This morning the sun was shining brightly although the air was cold (about 11 C) when we went for a walk along the cliff tops to Bell's Beach. I took the photo below for Kenichi Wada who represented Japan in the International Surf Lifesaving championships at the Gold coast last April. He is the son of a Sogetsu teacher I met in Tokyo.

At the bottom of the next picture is the heath-land of small bushy plants that grow on the cliff tops.

I was really delighted to come across this pink heath. It is one of our winter-flowering indigenous plants.There are two plants in this photo, the intensely coloured flowers are of Pink Heath (Epacris impressa) and the sharp green leaves and interestingly shaped berries belong to the Coastal Tea Tree (Leptospermum laevigatum). Click on the highlighted text for further information.

The Yate, eucalyptus lehmannii, (see 12th May posting) continues to flower in our garden so I have made an arrangement with one open and several un-opened flowers. The latter have gone a beautiful orange just before they open, that complements the decoration on this vase designed the Iemoto, Akane Teshigahara, of the Sogetsu School.

When I was in Tokyo in 2011 one of the many people who greatly helped me was Mrs Kazumi Ishikawa. Here is a link to her tour of Africa where she gave workshops in three countries. The images and English text have been uploaded by the Japan Foundation and can be viewed by clicking on: Mrs Ishikawa.

Greetings from Christopher

29th June 2013


At our last class my teacher set us a revision exercise of the Variation No3 slanting nageire: that is, in a tall vase. As I was walking by the Yarra River in Melbourne I noticed an oak with a particularly good branch and thought it would go well with the chrysanthemums I had used at the Ikebana International meeting on the previous day (see last weeks posting).

In this variation the long shin branch on the left is balanced by the soe branch on the right. In the photo this looks a little flat, but the two branches are reaching toward the viewer. The hikae flowers occupy the space between them and I have placed one toward the back to give a feeling of depth. The large black vase, that belongs to my partner, is by Alistair Whyte (follow link) a Melbourne based ceramic artist who has studied in Japan.

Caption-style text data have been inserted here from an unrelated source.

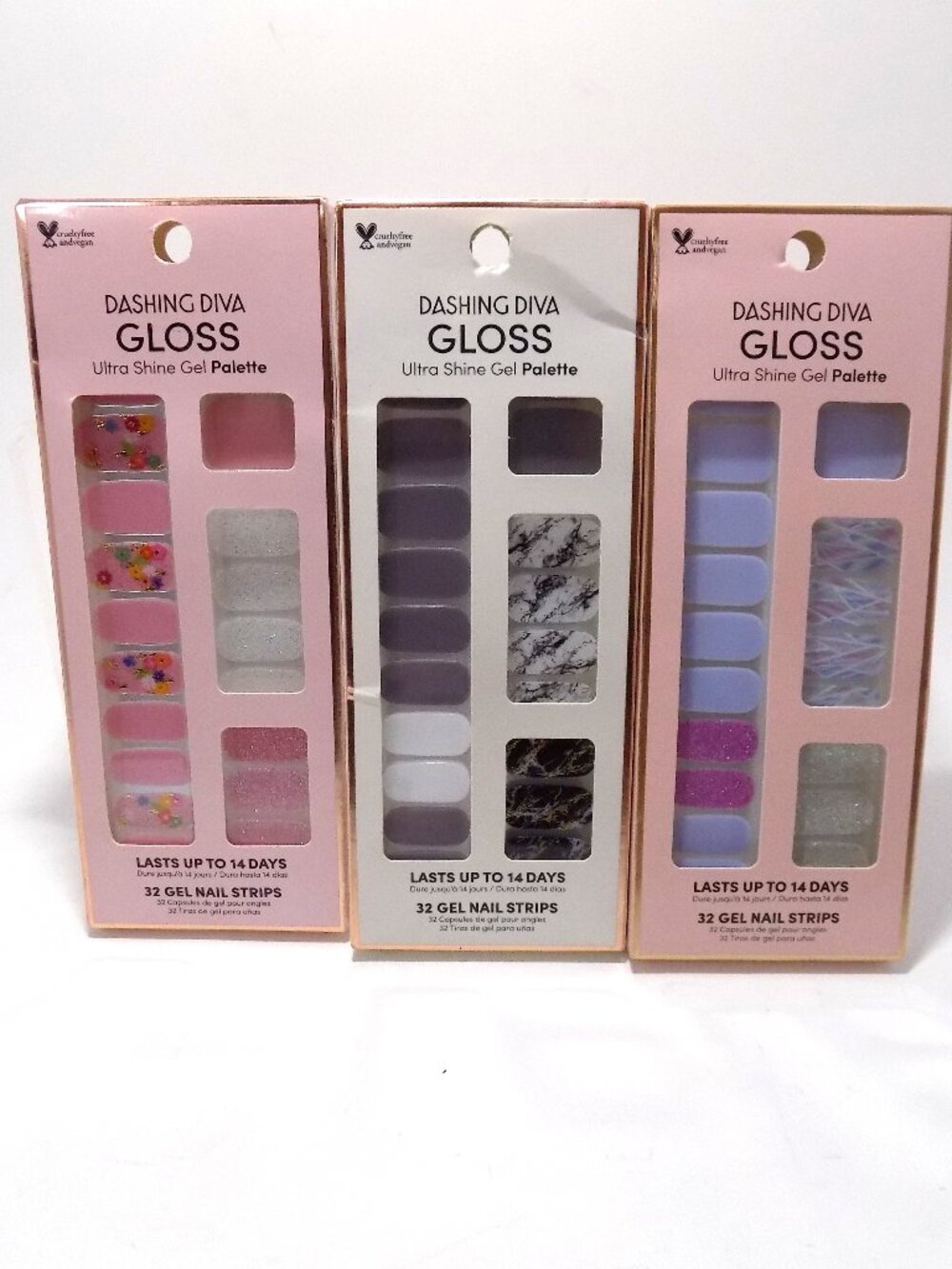 Bundle of Dashing Diva Gloss Gel Palette- 5 Packs of 32 Gel Nail Strips- New - Picture 2 of 8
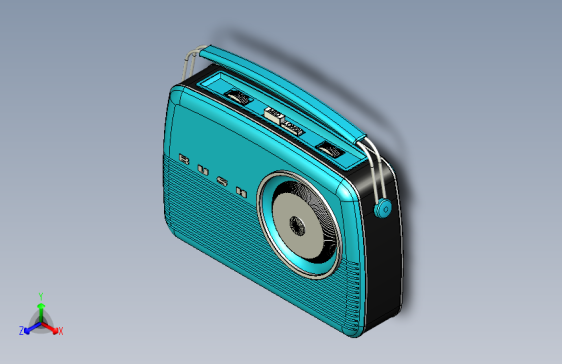 A3000848-复古收音机 BUSH TR82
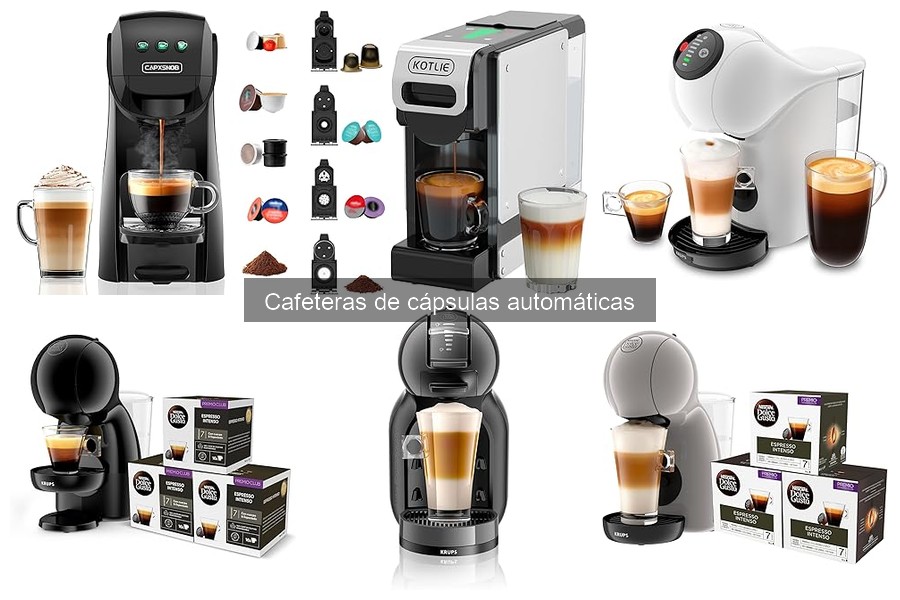 Guía de uso y mantenimiento para cafeteras de cápsulas automáticas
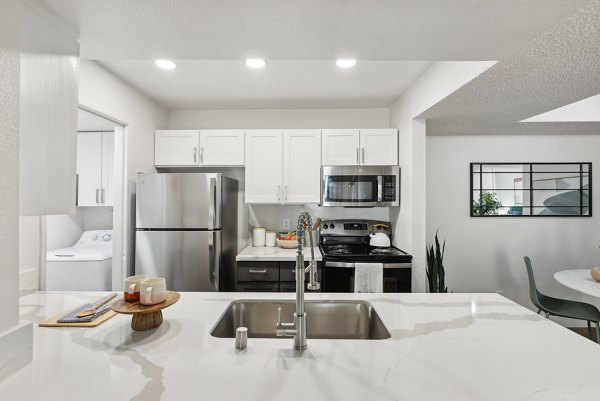 kitchen at Vista Del Rey Apartments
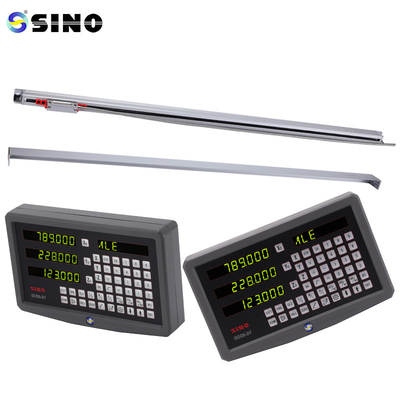 SINO SDS6-3V Vetro lineare Scale Meter Torniera con lettura digitale DRO 3 Asse 1um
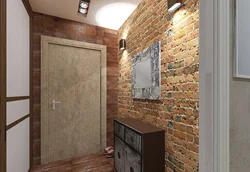 Narrow hallway loft photo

Greetings from Christopher
22nd June 2013


On Tuesday last week the Melbourne Chapter of Ikebana International celebrated the Tanabata festival. The festival is held in June and recalls the legend of the deities Orihime and Hikoboshi who were lovers. As a punishment they were separated and only allowed to meet once a year on the seventh day of the seventh month of the lunar calendar in the form of the stars Altair and Vega. In Japan it is an occasion for feasting and writing wishes on paper and tying the wish to a branch of bamboo.
I was invited to create the Omukaebana, 'welcoming flowers' for the occasion and chose pine and white chrysanthemum. Below are two pictures of the branch I cut from a nearby plantation that I then had to trim carefully.

The second picture is after I removed a large branch going to the left.

Below is the completed arrangement with five chrysanthemums and some red and white mizuhiki, the decorative strings used for celebrations. The large vessel is a storage container from Shigaraki, which is the site of one of the six ancient kilns of Japan. These vessels are prized for their strong rustic character and natural wood-ash glaze.

Greetings from Christopher
15th June 2013


This week I had some visitors who were unfamiliar with Ikebana so I thought I would make an arrangement of the most basic moribana (flat bowl) kind for them. I think the beauty of these simple designs in ikebana clearly illustrate the elements of line, mass and space. Also they show the asymmetry of the design and reveal the surface of the water as being integral to the work.

I chose a native small leafed shrub called pomaderris (p. paniculosa) that grows on the nearby cliff tops where it often looks as though it has been pruned by the wind. The shrub on the right side of the photo below is a pomedarris.

There are some close-up pictures of it if you click here. I used some red lipped orange roses as the floral accent and felt they went well with the dark green and the soft brown underside of the leaf

Greetings from Christopher
7th June 2013


This week I set my students the exercise of making an arrangement using autumn leaves. I asked them to 'use their imagination' because I find the beauty of the leaves tempts me to simply use them naturalistically. I wanted the students to think beyond the obvious. I gathered some plane tree leaves in Melbourne and discovered the ones that had fallen into bushes had more interesting shapes whereas those on  the pavement were all flat. 

I have used a single branch of pittosporum (pittosporum undulatum), an Australian native tree, from which I have removed all the leaves to show the bright orange berries. I massed the berries by entwining all the smaller branchlets.